Companies that use Big Data analytics and don’t unintentionally want to run afoul of employment discrimination laws will want to carefully review a new report issued this month by the Federal Trade Commission.
The FTC’s lengthy 50-page Big Data report, released on Jan. 6, warns companies about the sort of ethical, legal, and compliance risks they could encounter when using data analytics practices that fly in the face of consumer protection and equal opportunity laws. The report also poses a series of questions for companies to consider when using Big Data to mitigate these risks.
In remarks this month at the FTC’s PrivacyCon conference, FTC Commissioner Julie Brill noted that data analytics “have developed more quickly than have frameworks for specific concrete guidance on legal and ethical issues.” The report marks the “first step toward providing such guidance,” she said.
Big Data refers to the collection of massive troves of consumer information by companies, which they can then analyze to reveal consumer and employee patterns and trends. “The analysis of this data is often valuable to companies and to consumers, as it can guide the development of new products and services, predict the preferences of individuals, help tailor services and opportunities, and guide individualized marketing,” the FTC stressed in its report.
Because no single law comprehensively addresses data analytics, however, companies may wrongly assume they can use it without regulatory constraint. Thus, the FTC report means to alert companies about already existing consumer protection laws under which data analytics practices apply. The FTC further warned in its report that it will “continue to monitor areas where Big Data practices could violate existing laws … and will bring enforcement actions where appropriate.”
“Make sure you’re not just looking at data without considering other things that have to go into the mix before you make an employment decision.”
Joseph Lazzaroti, Principal & Co-Leader, Privacy and Data Security Practice, Jackson Lewis
Below is a discussion of those relevant laws and how companies can mitigate legal and compliance risks.
Fair Credit Reporting Act
The Fair Credit Reporting Act (FCRA) applies to consumer reporting agencies (CRAs) that compile and sell consumer reports containing consumer information intended to be used for credit, employment, insurance, housing, or other eligibility considerations.

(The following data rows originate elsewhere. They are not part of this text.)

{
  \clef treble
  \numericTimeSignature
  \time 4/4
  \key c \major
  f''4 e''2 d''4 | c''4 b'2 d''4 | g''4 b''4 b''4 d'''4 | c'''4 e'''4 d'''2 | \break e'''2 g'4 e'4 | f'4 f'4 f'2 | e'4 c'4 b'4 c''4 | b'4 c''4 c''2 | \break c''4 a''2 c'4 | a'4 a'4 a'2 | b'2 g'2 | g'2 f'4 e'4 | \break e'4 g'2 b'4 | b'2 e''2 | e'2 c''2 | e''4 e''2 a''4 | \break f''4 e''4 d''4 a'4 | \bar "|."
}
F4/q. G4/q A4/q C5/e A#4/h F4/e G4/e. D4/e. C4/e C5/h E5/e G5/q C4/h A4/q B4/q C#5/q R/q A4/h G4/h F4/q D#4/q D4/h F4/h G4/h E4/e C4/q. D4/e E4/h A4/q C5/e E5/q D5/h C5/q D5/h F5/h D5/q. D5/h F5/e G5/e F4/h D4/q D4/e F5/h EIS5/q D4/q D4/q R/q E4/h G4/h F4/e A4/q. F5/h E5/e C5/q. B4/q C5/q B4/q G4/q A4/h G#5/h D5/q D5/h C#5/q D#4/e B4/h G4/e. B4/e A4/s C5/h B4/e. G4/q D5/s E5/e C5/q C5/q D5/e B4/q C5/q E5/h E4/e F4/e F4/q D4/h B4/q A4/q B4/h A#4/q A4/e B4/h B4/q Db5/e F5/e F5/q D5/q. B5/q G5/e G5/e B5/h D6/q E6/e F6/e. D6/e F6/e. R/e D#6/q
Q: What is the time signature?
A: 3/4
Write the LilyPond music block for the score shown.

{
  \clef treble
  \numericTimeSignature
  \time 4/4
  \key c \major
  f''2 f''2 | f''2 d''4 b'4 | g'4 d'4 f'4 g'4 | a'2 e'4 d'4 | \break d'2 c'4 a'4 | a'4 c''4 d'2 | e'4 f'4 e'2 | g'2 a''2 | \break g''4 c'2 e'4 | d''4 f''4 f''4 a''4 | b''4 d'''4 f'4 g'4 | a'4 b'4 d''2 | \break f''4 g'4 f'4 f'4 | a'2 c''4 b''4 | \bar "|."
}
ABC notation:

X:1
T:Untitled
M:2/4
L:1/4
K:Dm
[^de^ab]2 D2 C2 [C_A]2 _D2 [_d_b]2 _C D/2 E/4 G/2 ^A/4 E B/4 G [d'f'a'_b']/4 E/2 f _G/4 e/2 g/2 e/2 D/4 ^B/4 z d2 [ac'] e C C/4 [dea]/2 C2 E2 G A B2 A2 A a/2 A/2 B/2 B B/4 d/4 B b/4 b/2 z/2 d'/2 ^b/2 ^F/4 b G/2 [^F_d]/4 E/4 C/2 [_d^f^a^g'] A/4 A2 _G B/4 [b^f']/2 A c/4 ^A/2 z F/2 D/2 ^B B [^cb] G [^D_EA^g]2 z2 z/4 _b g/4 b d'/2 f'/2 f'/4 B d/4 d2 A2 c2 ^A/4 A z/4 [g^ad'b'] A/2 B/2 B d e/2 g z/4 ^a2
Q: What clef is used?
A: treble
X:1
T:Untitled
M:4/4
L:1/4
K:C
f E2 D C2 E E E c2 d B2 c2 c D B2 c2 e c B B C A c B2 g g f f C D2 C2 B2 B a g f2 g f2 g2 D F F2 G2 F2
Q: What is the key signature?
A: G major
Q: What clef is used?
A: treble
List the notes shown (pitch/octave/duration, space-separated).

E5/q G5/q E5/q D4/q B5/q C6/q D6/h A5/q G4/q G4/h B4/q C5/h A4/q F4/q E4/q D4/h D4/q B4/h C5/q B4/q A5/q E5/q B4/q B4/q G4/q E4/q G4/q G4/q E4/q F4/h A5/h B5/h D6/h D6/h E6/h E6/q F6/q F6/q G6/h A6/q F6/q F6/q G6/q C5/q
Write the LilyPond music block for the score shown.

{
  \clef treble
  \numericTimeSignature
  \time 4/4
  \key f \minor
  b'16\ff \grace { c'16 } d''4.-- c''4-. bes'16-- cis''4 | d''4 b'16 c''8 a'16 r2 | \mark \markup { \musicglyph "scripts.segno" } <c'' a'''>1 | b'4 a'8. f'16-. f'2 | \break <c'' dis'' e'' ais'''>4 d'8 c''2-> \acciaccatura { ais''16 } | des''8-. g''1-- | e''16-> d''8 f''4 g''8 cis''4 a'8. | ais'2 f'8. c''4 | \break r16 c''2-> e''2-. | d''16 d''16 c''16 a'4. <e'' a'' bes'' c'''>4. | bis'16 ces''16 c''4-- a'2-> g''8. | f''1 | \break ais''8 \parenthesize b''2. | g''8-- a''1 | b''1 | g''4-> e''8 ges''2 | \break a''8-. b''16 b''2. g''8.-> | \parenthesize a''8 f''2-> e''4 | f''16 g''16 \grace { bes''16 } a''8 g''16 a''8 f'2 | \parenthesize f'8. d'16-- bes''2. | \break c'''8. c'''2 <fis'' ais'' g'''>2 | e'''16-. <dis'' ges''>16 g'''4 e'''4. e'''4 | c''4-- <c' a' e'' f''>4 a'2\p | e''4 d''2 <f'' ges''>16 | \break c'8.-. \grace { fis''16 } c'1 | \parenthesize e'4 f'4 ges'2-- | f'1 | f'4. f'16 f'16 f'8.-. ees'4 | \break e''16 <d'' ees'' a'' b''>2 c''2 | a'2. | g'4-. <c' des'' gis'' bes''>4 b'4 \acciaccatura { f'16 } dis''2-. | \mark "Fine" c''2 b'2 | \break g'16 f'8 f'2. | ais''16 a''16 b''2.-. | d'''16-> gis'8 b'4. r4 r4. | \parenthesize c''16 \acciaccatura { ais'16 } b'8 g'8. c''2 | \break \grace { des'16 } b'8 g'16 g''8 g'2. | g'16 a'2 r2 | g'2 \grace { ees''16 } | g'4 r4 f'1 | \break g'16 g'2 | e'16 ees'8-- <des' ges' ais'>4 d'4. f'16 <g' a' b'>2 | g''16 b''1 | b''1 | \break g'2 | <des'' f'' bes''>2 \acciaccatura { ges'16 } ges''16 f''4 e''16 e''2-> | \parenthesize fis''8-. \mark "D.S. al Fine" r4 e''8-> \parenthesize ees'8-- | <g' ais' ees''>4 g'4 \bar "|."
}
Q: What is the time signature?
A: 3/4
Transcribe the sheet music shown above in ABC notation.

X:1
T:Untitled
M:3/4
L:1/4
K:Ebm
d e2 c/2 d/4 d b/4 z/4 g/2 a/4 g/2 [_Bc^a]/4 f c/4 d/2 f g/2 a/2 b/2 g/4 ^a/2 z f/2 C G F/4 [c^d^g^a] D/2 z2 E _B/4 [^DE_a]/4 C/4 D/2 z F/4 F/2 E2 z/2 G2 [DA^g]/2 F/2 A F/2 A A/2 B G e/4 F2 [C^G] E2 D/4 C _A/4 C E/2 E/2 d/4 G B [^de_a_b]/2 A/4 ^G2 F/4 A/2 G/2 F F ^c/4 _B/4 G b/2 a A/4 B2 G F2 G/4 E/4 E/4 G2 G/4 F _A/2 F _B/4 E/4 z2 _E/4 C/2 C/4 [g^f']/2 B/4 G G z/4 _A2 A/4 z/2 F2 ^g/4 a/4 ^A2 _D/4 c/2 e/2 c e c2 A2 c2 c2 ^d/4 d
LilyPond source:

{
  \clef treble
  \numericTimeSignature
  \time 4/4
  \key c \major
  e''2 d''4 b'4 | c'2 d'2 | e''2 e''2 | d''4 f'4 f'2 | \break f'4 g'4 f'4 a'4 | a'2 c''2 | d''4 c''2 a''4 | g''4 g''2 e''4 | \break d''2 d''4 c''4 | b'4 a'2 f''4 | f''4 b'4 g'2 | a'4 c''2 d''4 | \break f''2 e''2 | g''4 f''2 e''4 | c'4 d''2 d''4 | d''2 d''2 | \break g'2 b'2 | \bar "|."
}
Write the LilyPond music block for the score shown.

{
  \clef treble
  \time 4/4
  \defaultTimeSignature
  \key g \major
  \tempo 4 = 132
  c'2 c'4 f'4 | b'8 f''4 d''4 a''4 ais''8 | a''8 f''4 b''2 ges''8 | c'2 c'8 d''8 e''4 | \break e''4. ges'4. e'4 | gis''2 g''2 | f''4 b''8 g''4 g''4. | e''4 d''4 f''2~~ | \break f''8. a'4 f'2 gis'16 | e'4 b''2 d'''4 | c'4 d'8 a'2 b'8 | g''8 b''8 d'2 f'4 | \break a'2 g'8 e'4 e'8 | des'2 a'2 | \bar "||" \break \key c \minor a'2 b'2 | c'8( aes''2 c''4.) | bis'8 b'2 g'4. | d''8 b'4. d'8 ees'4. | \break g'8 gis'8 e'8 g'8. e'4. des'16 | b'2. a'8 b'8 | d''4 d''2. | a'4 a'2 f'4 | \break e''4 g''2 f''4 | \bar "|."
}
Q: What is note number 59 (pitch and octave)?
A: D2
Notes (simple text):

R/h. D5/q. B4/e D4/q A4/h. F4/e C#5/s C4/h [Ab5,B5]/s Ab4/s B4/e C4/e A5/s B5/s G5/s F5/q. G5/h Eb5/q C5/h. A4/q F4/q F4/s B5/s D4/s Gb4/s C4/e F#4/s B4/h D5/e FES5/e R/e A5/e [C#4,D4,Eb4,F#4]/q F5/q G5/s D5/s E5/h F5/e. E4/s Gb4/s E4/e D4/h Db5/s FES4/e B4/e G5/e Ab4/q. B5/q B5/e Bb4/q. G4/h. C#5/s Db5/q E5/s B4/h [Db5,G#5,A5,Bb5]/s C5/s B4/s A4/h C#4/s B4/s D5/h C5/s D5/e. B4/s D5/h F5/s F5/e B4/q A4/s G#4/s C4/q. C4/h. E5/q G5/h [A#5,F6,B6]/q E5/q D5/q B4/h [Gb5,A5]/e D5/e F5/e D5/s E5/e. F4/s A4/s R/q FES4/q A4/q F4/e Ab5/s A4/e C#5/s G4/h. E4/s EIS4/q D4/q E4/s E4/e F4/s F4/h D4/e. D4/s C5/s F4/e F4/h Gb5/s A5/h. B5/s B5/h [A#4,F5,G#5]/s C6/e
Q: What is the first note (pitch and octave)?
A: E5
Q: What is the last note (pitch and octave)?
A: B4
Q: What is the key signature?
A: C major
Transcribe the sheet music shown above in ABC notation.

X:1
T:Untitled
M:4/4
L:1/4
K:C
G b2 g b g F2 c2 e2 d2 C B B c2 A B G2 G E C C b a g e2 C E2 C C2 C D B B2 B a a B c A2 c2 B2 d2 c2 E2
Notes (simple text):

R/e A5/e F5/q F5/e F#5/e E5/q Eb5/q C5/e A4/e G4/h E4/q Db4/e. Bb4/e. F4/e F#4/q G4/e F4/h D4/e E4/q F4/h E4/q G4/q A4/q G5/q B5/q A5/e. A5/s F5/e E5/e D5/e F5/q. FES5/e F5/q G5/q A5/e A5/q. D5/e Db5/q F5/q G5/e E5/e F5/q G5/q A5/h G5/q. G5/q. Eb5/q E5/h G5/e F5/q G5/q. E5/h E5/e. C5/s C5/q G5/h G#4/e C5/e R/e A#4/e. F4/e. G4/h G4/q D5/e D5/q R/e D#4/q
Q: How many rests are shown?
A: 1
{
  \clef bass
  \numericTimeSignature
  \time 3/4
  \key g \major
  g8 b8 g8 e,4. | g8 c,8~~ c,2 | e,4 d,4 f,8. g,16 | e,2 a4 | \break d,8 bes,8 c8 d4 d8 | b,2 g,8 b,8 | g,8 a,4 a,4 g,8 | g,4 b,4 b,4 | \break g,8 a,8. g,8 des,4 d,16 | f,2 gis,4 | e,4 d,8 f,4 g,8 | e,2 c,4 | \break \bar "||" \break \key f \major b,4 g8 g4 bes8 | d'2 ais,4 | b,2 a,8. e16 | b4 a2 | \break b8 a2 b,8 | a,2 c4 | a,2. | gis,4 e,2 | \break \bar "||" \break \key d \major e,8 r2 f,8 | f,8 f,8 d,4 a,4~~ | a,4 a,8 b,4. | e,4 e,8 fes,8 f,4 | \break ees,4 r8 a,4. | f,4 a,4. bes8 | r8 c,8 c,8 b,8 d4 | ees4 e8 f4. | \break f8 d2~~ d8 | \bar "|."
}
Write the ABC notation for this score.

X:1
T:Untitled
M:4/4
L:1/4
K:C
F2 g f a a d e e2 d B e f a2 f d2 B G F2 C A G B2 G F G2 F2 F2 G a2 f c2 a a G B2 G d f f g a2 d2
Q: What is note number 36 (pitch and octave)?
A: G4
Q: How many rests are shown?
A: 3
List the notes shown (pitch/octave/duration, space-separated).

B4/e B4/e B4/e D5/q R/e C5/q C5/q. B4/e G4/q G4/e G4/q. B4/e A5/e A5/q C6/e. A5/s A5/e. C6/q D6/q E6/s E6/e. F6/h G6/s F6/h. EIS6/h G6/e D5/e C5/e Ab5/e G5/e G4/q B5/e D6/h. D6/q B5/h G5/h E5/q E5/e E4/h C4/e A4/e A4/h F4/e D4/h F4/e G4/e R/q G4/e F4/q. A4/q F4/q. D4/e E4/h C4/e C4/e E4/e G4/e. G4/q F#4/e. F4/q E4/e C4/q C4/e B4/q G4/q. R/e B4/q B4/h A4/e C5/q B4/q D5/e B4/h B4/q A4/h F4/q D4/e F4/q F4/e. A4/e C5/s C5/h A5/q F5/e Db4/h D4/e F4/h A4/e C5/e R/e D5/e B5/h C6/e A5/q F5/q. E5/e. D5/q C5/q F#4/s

The emerging risk posed by Big Data is that a new trend is emerging whereby companies are purchasing predictive analytics products to make eligibility determinations.
“If an unaffiliated firm regularly evaluates companies’ own data and provides the evaluations to the companies for eligibility determinations, the unaffiliated firm would likely be acting as a CRA, each company would likely be a user of consumer reports, and all of these entities would be subject to Commission enforcement under the FCRA,” the FTC said.
Consider the following example: A company asks a consumer to provide his zip code and shopping behavior on an application, strips any identifying information, and then sends the application to a data analytics firm. That firm then analyzes the creditworthiness of other consumers in the same zip code, and then provides an analysis of such data to the company, knowing that it will be used to decide the consumer’s credit eligibility.
QUESTIONS FOR LEGAL COMPLIANCE
Below is an excerpt from the FTC’s report, “Big Data: A Tool for Inclusion or Exclusion,” which offers the following considerations for companies already using or considering engaging in Big Data analytics:
If you compile Big Data for others who will use it for eligibility decisions (such as credit, employment, insurance, housing, government benefits, and the like), are you complying with the accuracy and privacy provisions of the FCRA? FCRA requirements include requirements to (1) have reasonable procedures in place to ensure the maximum possible accuracy of the information you provide, (2) provide notices to users of your reports, (3) allow consumers to access information you have about them, and (4) allow consumers to correct inaccuracies.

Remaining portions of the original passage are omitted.